**** AVAILABLE DATA
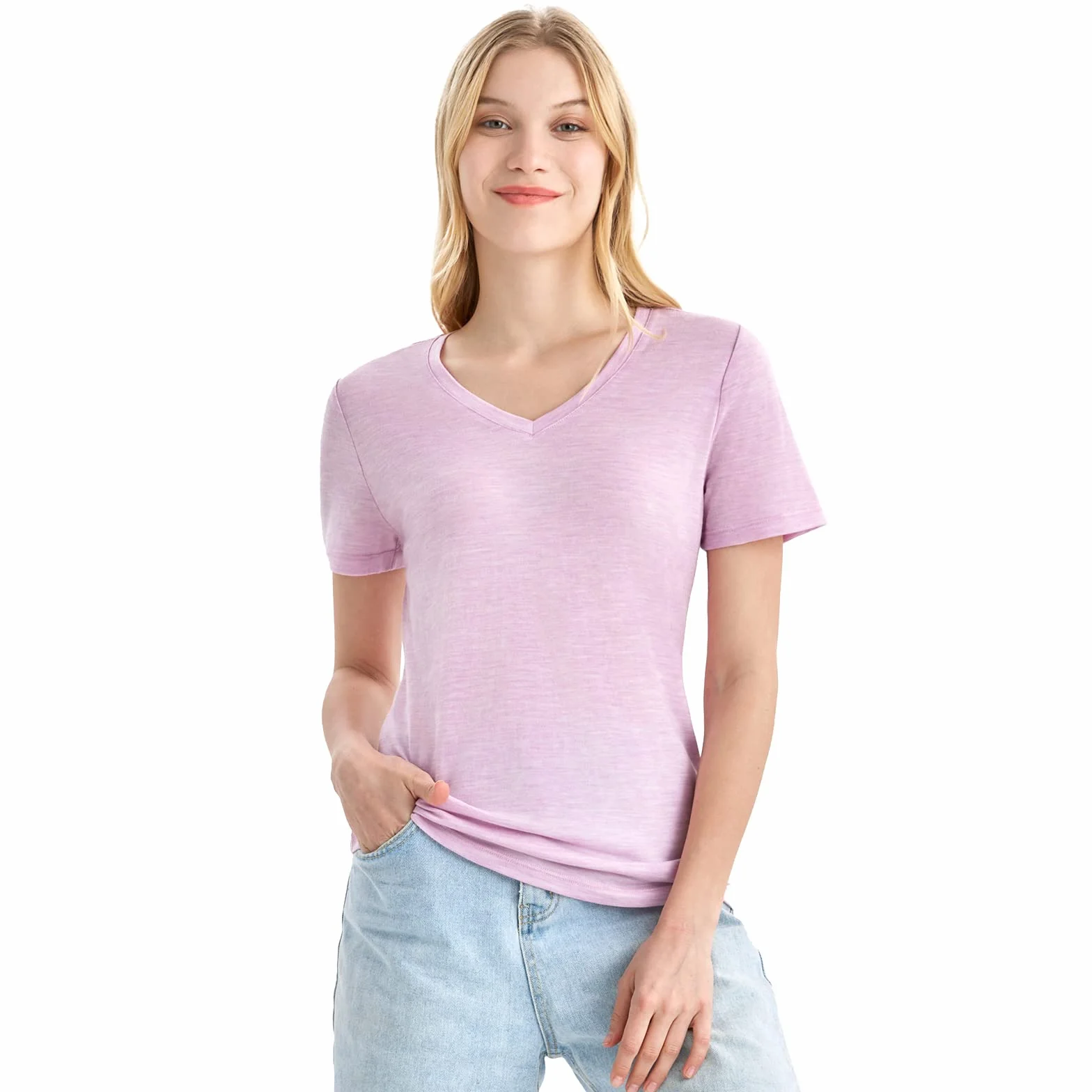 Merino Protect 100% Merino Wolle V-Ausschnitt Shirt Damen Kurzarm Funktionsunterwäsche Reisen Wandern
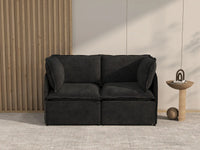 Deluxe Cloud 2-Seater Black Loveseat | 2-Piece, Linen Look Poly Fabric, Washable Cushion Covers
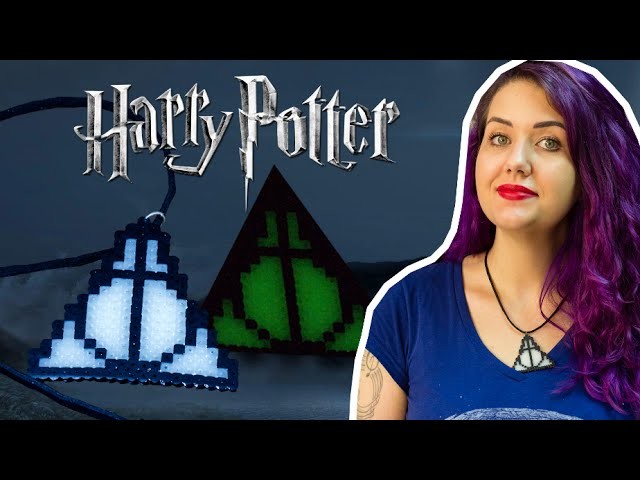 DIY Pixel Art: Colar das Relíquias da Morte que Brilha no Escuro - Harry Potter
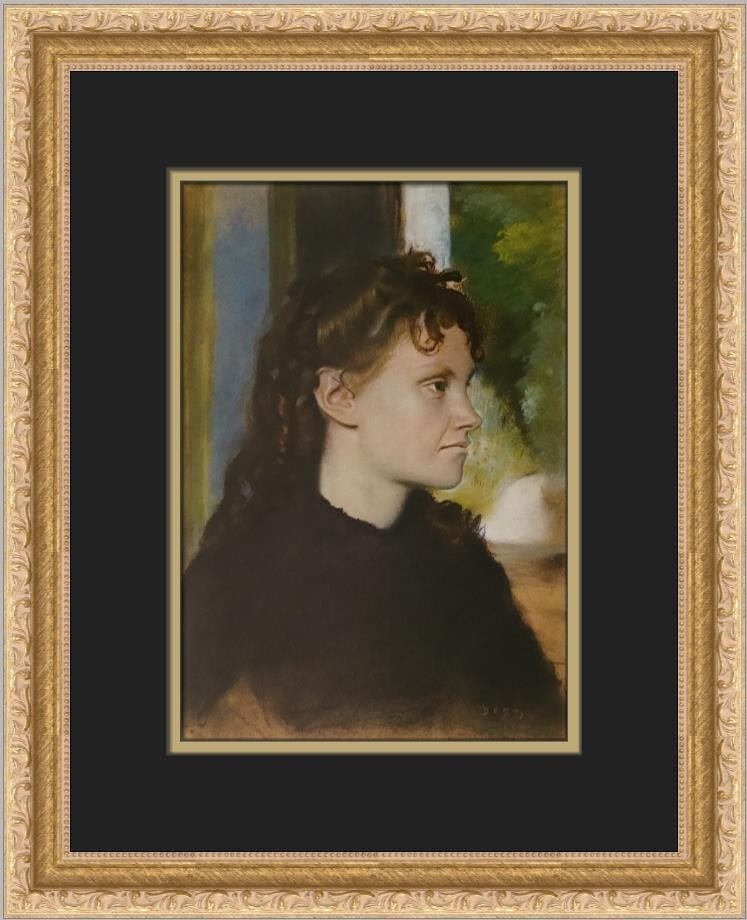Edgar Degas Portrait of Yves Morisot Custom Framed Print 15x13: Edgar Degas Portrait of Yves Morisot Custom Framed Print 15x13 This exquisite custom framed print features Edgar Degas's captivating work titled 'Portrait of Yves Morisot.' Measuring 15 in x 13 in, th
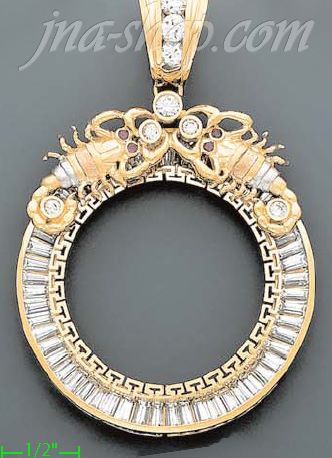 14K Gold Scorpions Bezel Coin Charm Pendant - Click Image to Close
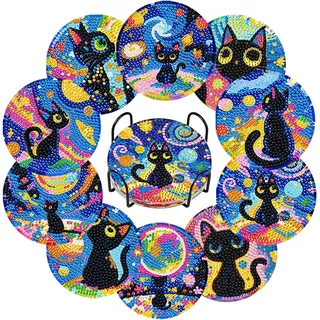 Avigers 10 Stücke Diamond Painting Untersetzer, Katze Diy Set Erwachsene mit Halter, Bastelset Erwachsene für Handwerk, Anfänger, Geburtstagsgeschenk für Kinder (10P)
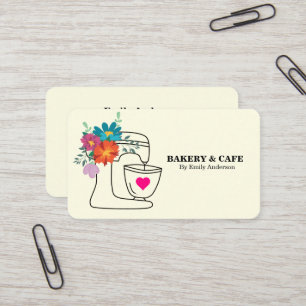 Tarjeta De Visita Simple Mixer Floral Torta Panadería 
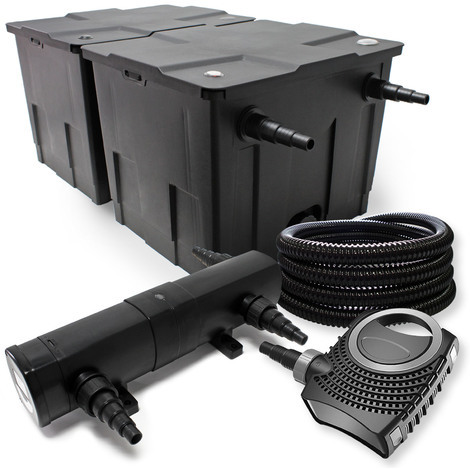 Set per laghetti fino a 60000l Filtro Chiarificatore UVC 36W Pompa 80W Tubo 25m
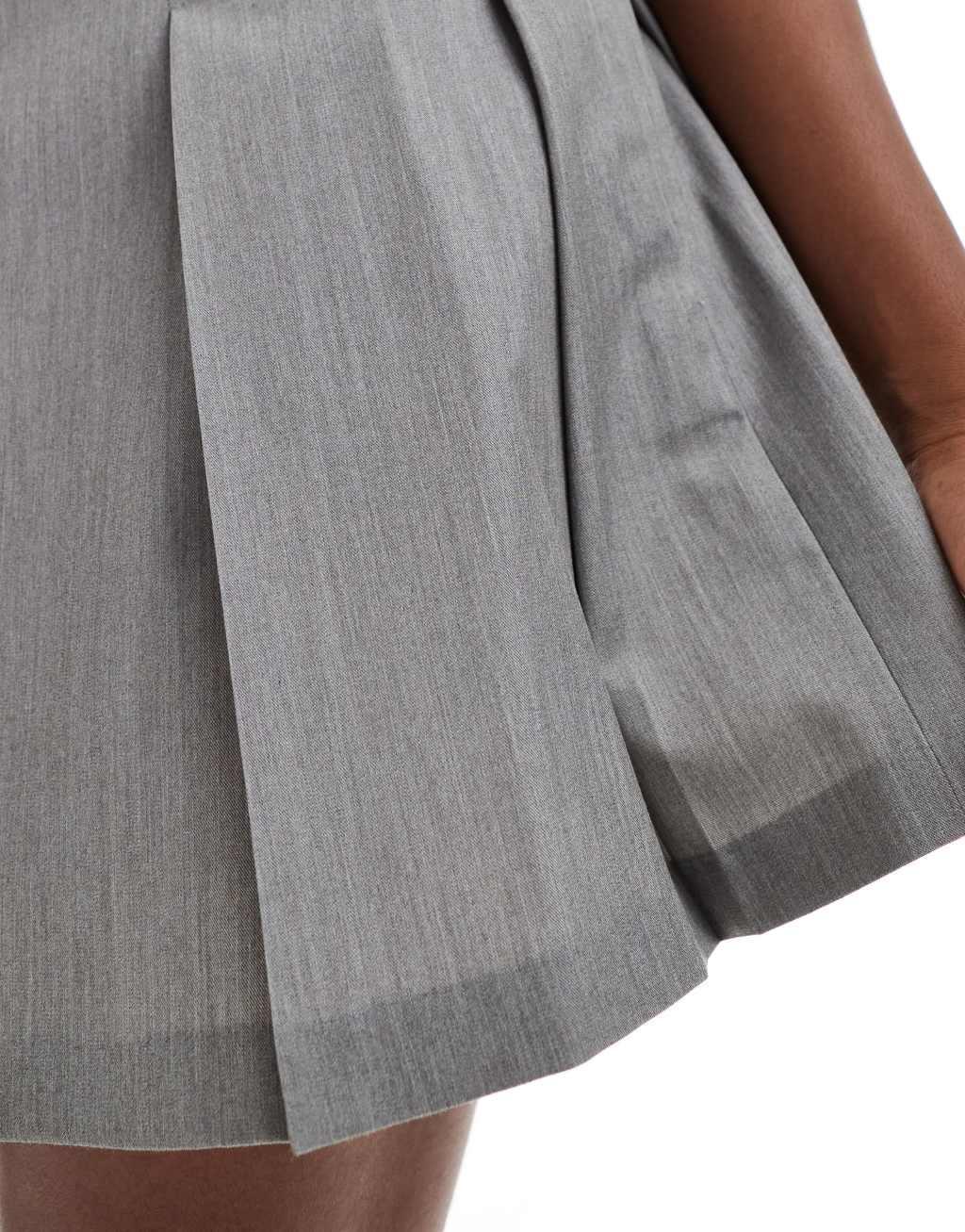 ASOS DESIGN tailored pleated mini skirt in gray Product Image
********
Repeat the whole of the material above exactly, but keep the pictures out.

 Merino Protect 100% Merino Wolle V-Ausschnitt Shirt Damen Kurzarm Funktionsunterwäsche Reisen Wandern
 Deluxe Cloud 2-Seater Black Loveseat | 2-Piece, Linen Look Poly Fabric, Washable Cushion Covers
 DIY Pixel Art: Colar das Relíquias da Morte que Brilha no Escuro - Harry Potter
Edgar Degas Portrait of Yves Morisot Custom Framed Print 15x13: Edgar Degas Portrait of Yves Morisot Custom Framed Print 15x13 This exquisite custom framed print features Edgar Degas's captivating work titled 'Portrait of Yves Morisot.' Measuring 15 in x 13 in, th
 14K Gold Scorpions Bezel Coin Charm Pendant - Click Image to Close
 Avigers 10 Stücke Diamond Painting Untersetzer, Katze Diy Set Erwachsene mit Halter, Bastelset Erwachsene für Handwerk, Anfänger, Geburtstagsgeschenk für Kinder (10P)
 Tarjeta De Visita Simple Mixer Floral Torta Panadería 
 Set per laghetti fino a 60000l Filtro Chiarificatore UVC 36W Pompa 80W Tubo 25m
 ASOS DESIGN tailored pleated mini skirt in gray Product Image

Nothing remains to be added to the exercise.